Performance and Scalability Achievements
The system achieved impressive performance, handling 100,000 requests per second with 99.9% uptime. Akka’s location transparency enabled clustering across nodes, distributing workload efficiently. Deogun highlights that actors’ lightweight nature—thousands can run on a single JVM—allowed scaling without heavy resource overhead. Metrics showed consistent latency under 10ms for critical operations, even under peak load.
Integrating Akka with Legacy Systems
Legacy integration required wrapping existing services in actors to isolate faults. For instance, a monolithic database layer was accessed via actors, which managed connection pooling and retry logic. This approach minimized changes to legacy code while introducing Akka’s resilience benefits. Sawano emphasizes that incremental adoption—starting with a single actor-based module—eased the transition.
Lessons Learned and Broader Implications
The project underscored Akka’s versatility in both greenfield and brownfield contexts. Key lessons included the importance of clear message contracts to avoid runtime errors and the need for robust monitoring to track actor performance. Tools like Typesafe Console (now Lightbend Telemetry) provided insights into message throughput and bottlenecks.
For developers, the talk offers a blueprint for modernizing legacy systems: start small, leverage Java for familiarity, and use Akka’s supervision for reliability. For organizations, it highlights the business value of resilience and scalability, particularly in regulated industries.

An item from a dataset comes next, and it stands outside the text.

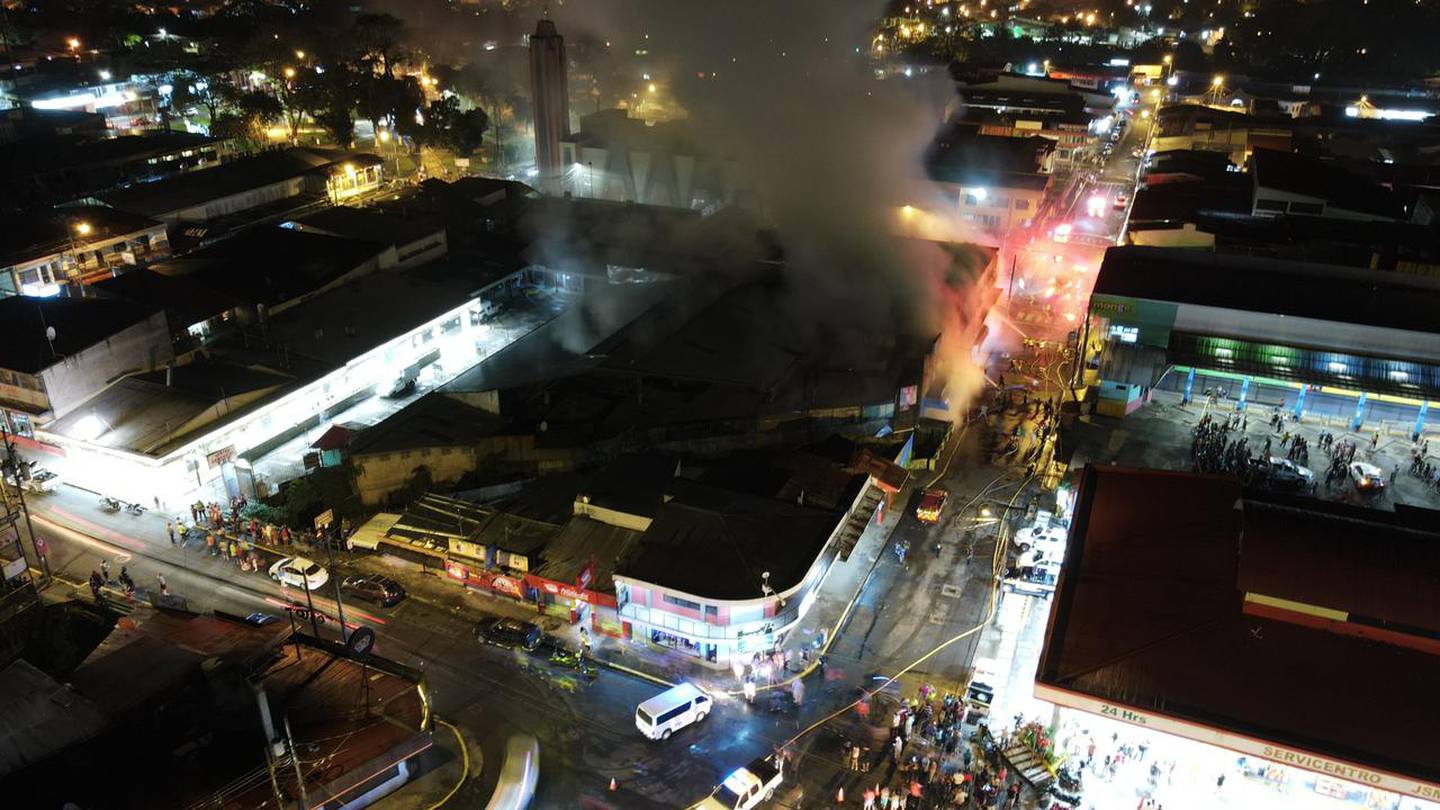 Un dron tomó fotos aéreas del incendio en el mercado de Turrialba este 2 de abril, Viernes Santo del 2021
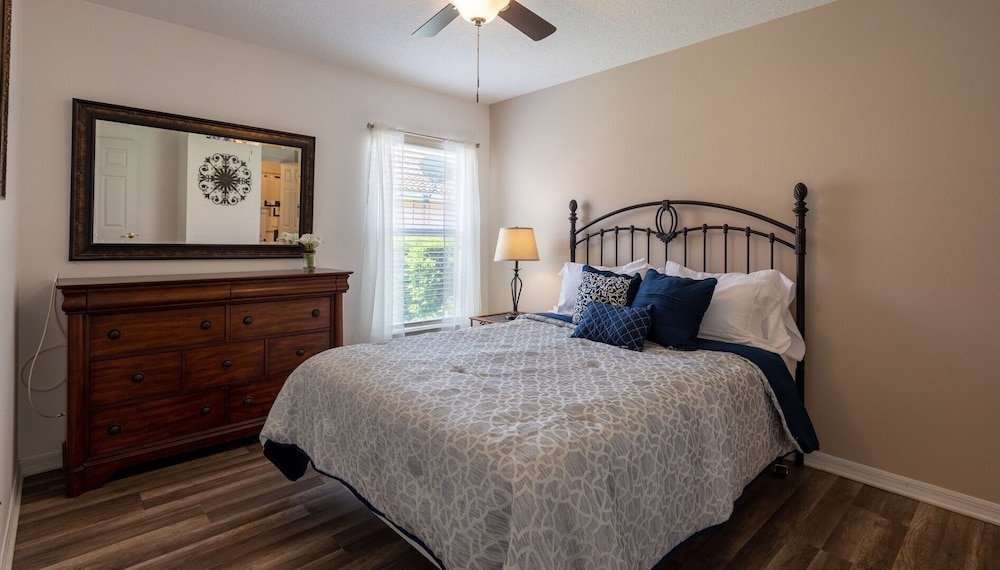 AV340RD 4 Bedroom Charming Villa in Aviana 4 Home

Conclusion: Akka as a Game-Changer
Deogun and Sawano’s experience demonstrates that Akka can transform legacy environments by providing a robust framework for concurrency and fault tolerance. Choosing Java over Scala proved strategic, aligning with team skills and accelerating delivery. As distributed systems become the norm, Akka’s actor model offers a proven path to scalability, making it a vital tool for modern software engineering.